Aggressive driving is one of the top causes of preventable car crashes in the U.S. According to AAA, nearly 1-in-3 U.S. car crashes could be avoided if drivers made a conscious effort to practice defensive driving. This means driving the speed limit, staying in your lane, allowing faster drivers to pass you (rather than punishing them), and anticipating that other drivers will always make the wrong decision.

Yet aggressive driving remains a huge problem. Studies estimate 80% of American drivers give in to road rage each month, and they may take out their aggression on motorcyclists. For example, an alarming 25% of drivers confessed to merging into traffic when the gap was too small. While this maneuver is dangerous for all drivers involved, the resulting rear-end collisions can be deadly for motorcyclists.

Rear-Ending

Most drivers instinctively slow down when they see brake lights, but the same isn’t true for motorcyclists. Motorcycles have a shorter stopping distance, and many downshift to slow down rather than hit the brakes. This means motorcycle riders slow down faster than other vehicles, and there may be no visual warning signs that they are stopping. This, in turn, can lead to a rear-end collision, one of the more common causes of motorcycle accidents.

Next time you’re following behind a motorcycle, be sure to leave plenty of room and slow down if you notice yourself “creeping up” on the vehicle ahead of you.

Blind Spots

According to the National Highway Transportation Safety Administration (NHTSA), roughly 42% of motorcycle crashes occur because a car driver did not see the motorcyclist. Whether this is because the driver didn’t look over their shoulder before merging or because a truck didn’t realize a driver was in their no-zone, everyone on the road should maintain a heightened awareness and double-check their mirrors and blind spots when motorcycles are around.

Head-On Collisions

The NHTSA warns that motorcycles are harder to see around corners, construction zones, and roads obscured by foliage. These low visibility settings can prevent drivers from seeing motorcyclists until a crash is nearly imminent. This can be especially dangerous on two-lane roads when a driver attempts to pass someone and does not see the motorcyclist approaching in the other lane.
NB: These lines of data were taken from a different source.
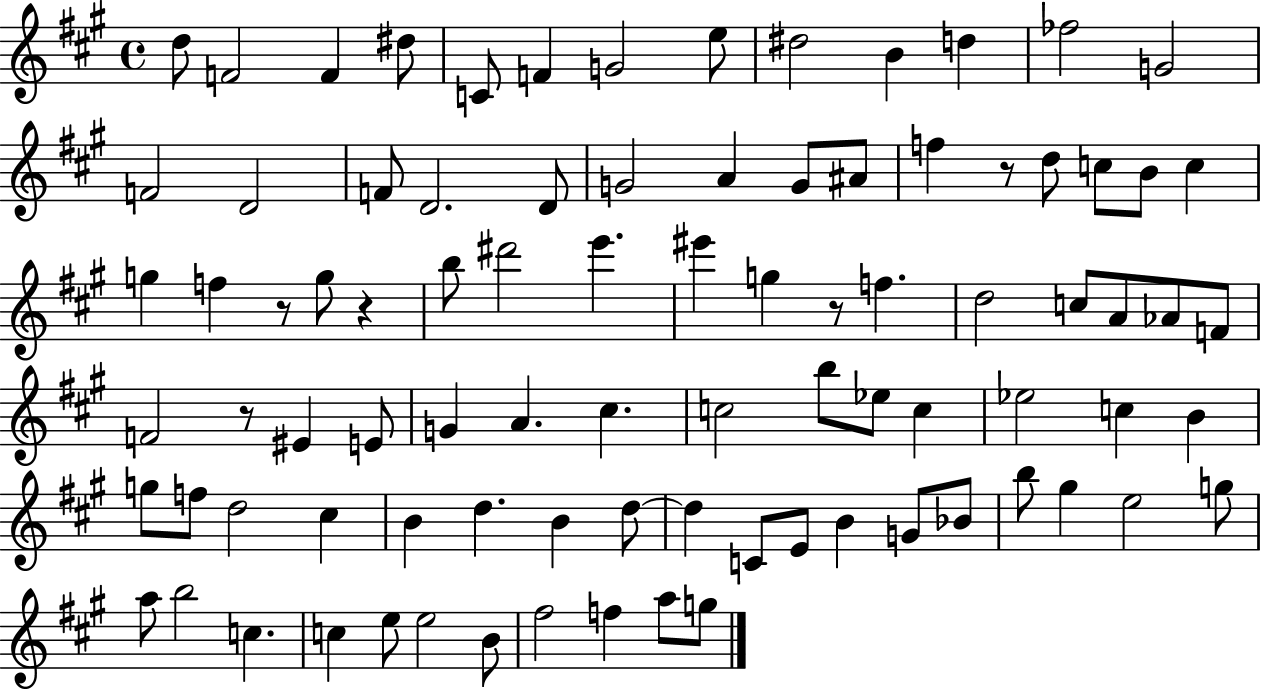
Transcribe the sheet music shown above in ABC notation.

X:1
T:Untitled
M:4/4
L:1/4
K:A
d/2 F2 F ^d/2 C/2 F G2 e/2 ^d2 B d _f2 G2 F2 D2 F/2 D2 D/2 G2 A G/2 ^A/2 f z/2 d/2 c/2 B/2 c g f z/2 g/2 z b/2 ^d'2 e' ^e' g z/2 f d2 c/2 A/2 _A/2 F/2 F2 z/2 ^E E/2 G A ^c c2 b/2 _e/2 c _e2 c B g/2 f/2 d2 ^c B d B d/2 d C/2 E/2 B G/2 _B/2 b/2 ^g e2 g/2 a/2 b2 c c e/2 e2 B/2 ^f2 f a/2 g/2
These crashes tend to be catastrophic. Head-on collisions are responsible for 56% of motorcycle crash fatalities, making them the top cause of severe motorcycle crashes by far.

DUIs

On average, 25% of car crashes are caused by drunk or intoxicated driving, yet those same drivers cause roughly 1-in-3 motorcycle fatalities. While some of these are caused by unsafe motorcycle riders, cars have a much greater risk of making these crashes fatal.

Drunk drivers endanger motorcyclists for the same reasons we discussed above. They are more likely to swerve, to speed, to drift into the wrong lane, and they are less likely to check their blind spots before attempting to merge. All of these factors combined make drunk drivers in cars an especially dangerous hazard to even the safest motorcycle rider.